We wouldn’t be able to get anything done in this world if it weren’t for women doing everything they do. That’s why March 8 is one of the most important days of 2017. It’s International Women’s Day as well as A Day Without A Woman, so women all around the country are taking a stand against the systemic inequality we face every day by taking off work and marching to fight for equality.

Today is the perfect day to reflect on all the ways women have helped build the world we currently live in, and it’s the perfect time to think about how little recognition they’ve gotten for their hard work. Which brings us to a special NYC subway map that was shared in The New Yorker last October and is called “City of Women.”

The idea was birthed by Rebecca Solnit, who included “City of Women” in her book Nonstop Metropolis: A New York City Atlas.
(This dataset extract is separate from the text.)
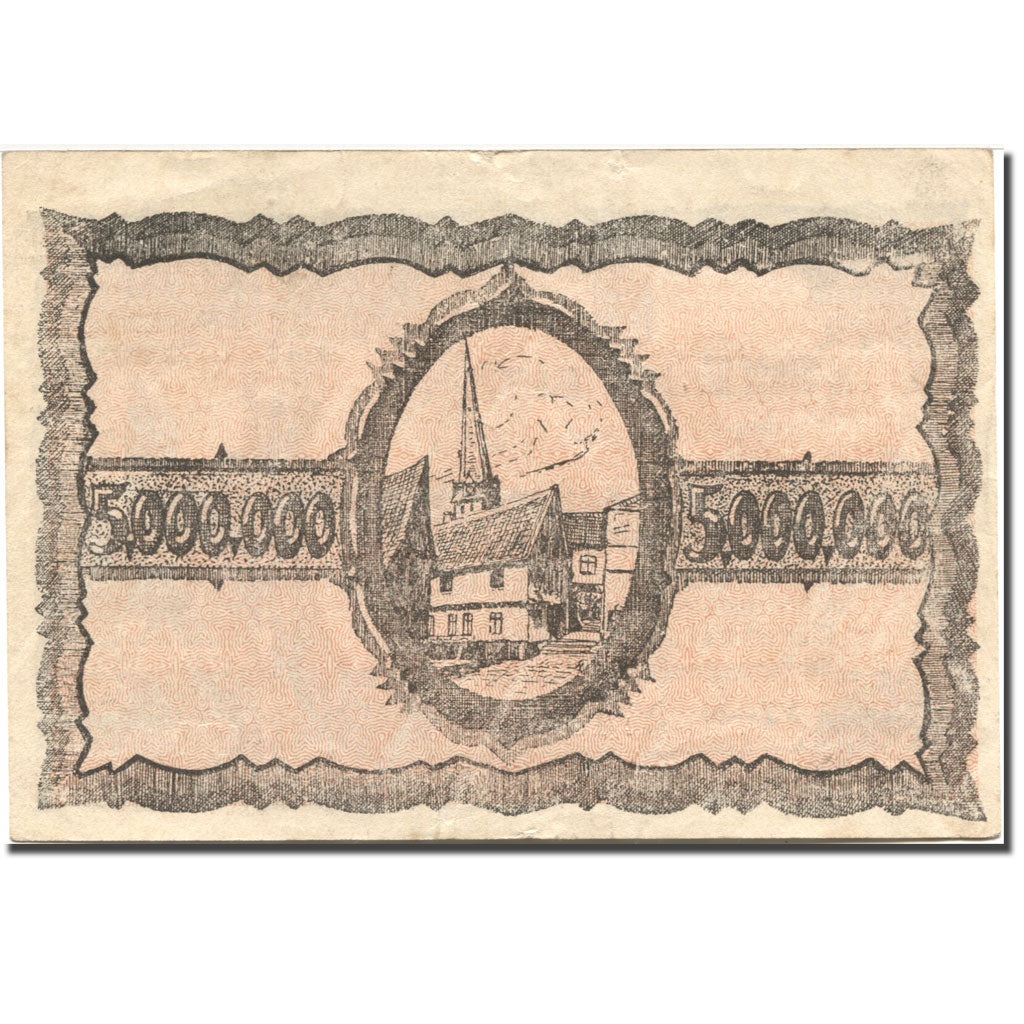 Banknote, Germany, Mülheim ad Ruhr, 5 Millionen Mark Eglise 1923-08-10 AU(55-58)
Molly Roy is responsible for creating this unique piece of cartography.

Solnit makes the excellent point that, in every major city, many of the landmarks and streets are named after men. She insists that "names perpetuate the gendering of New York City."
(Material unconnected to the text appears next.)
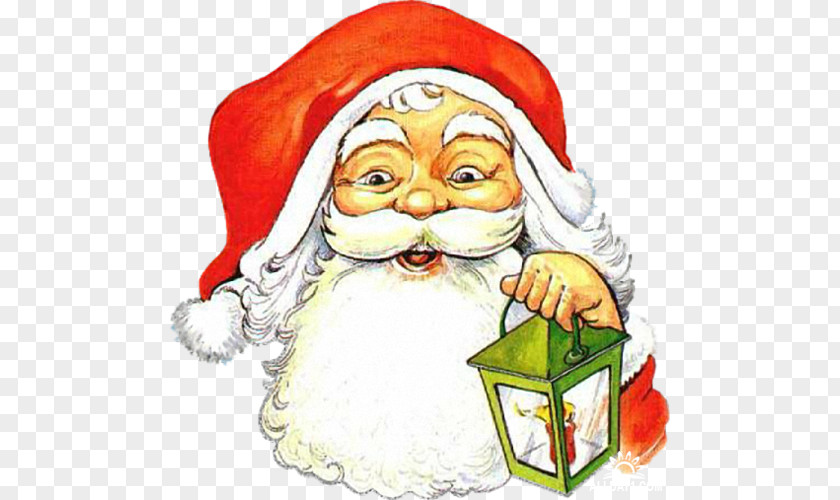 Santa Claus Ded Moroz Christmas Ornament Clip Art PNG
Rather than just accepting this as the way it is, she and Roy set out to make a map of the NYC subway that reflected how many strong, accomplished women live or have lived in the city. You see all kinds of names, including Joan Rivers, Toni Morrison, Yoko Ono, and Ruth Bader Ginsburg. Whether they’re politicians, authors, or activists, all of the women on this map have made a significant contribution to New York — and also to the world.

“Many of the women who made valuable contributions or might have are forgotten or were never named. Many women were never allowed to be someone; many heroes of any gender live quiet lives,” Solnit wrote for The New Yorker. “But some rose up; some became visible; and here they are by the hundreds. This map is their memorial and their celebration.”

We can’t think of a better way to celebrate the inspiring women of New York than by sharing this map.